The pattern of economic flows has long been inimical to the Third World. Suffering the ‘Lucas Paradox’, it has historically attracted little investment. Burdened with massive debts, the balance of its economic flows has tended to be strongly outward. This is so even excluding the extent to which trade is unequal exchange to the advantage of the First World, such that the formal valuation of its exports relative to the value of what it imports misrepresents the cost of production.
Exceptions to this pattern abound, however, and recently the pattern has been rather different. The current pattern is for Third World economies that are growing rapidly to export capital, whereas ones that aren’t are now major importers.
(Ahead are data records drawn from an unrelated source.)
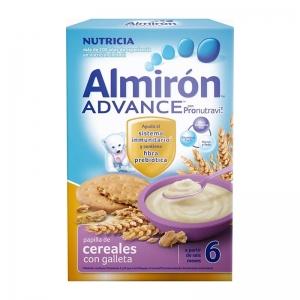ALMIRON CEREALES CON...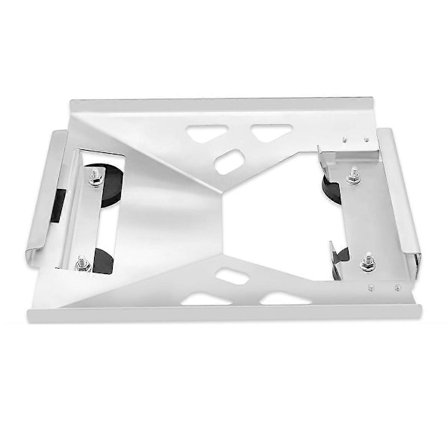 Kompatibel med Starlink Flat Mount Kit, Magnetisk Quick Release Tagmonteringssæt - Perfekt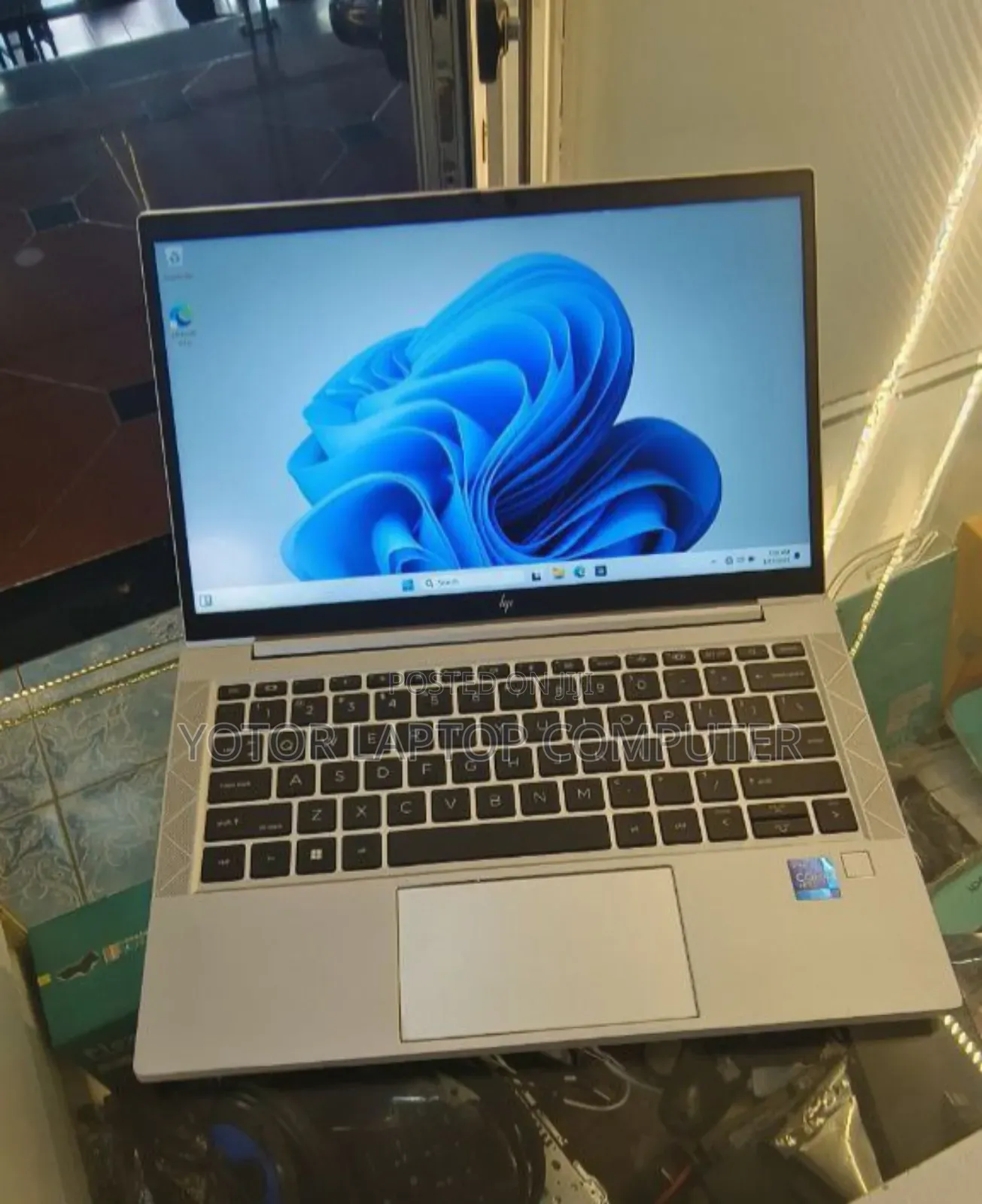 New Laptop HP EliteBook 840 16GB Intel Core I5 SSD 512GB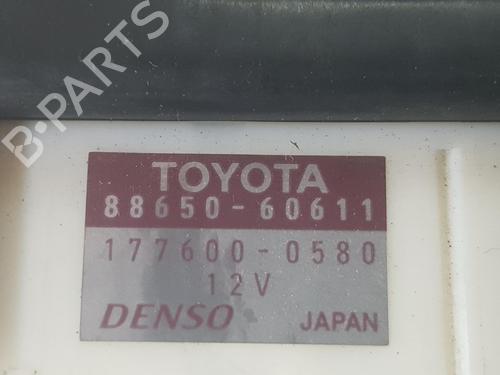 Climate control TOYOTA LAND CRUISER PRADO (_J12_) 3.0 D-4D (KDJ120, KDJ125) | BP17187845I5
On average, the poorer a country is, the greater the percentage of its GDP is composed by inflowing capital, and the greater the proportion of this inflow is composed of aid.
Now, this might seem like a desirable pattern, that poor countries need this money to develop. However, foreign direct investment and loans both have obvious drawbacks: loans must be repaid with interest, and investors are seeking a return, that is, are predatory and exploitative. While such flows can be an overall boon, they often are not. Investment is not about biopolitics—it’s about commercial interests that may care for their own workers but won’t invest in the broader economy unless they are forced to. Loans may be used to pay for biopolitical infrastructure, but create indebtedness, and in recent decades have been made conditional on actively destroying biopolitics, which has been seen as a brake on economic development because of the portion of GDP tied up in paying for it.
Aid, by contrast, would seem to be an unmitigated bonus: one might imagine that aid is essentially free, coming without strings attached. This is not true, however. Most of what is classified as First World ‘aid’ to the Third World is actually composed of development loans. Moreover, even where aid is not explicitly conditional, there is often some diplomatic or economic quid pro quo expected. The typical image of aid, propagated by NGOs in their appeals for funding from the First World public, actually represents only a small sector of aid. I will argue, however, that even aid that is entirely gratis and unencumbered with expectations is still generally pernicious from a biopolitical point of view.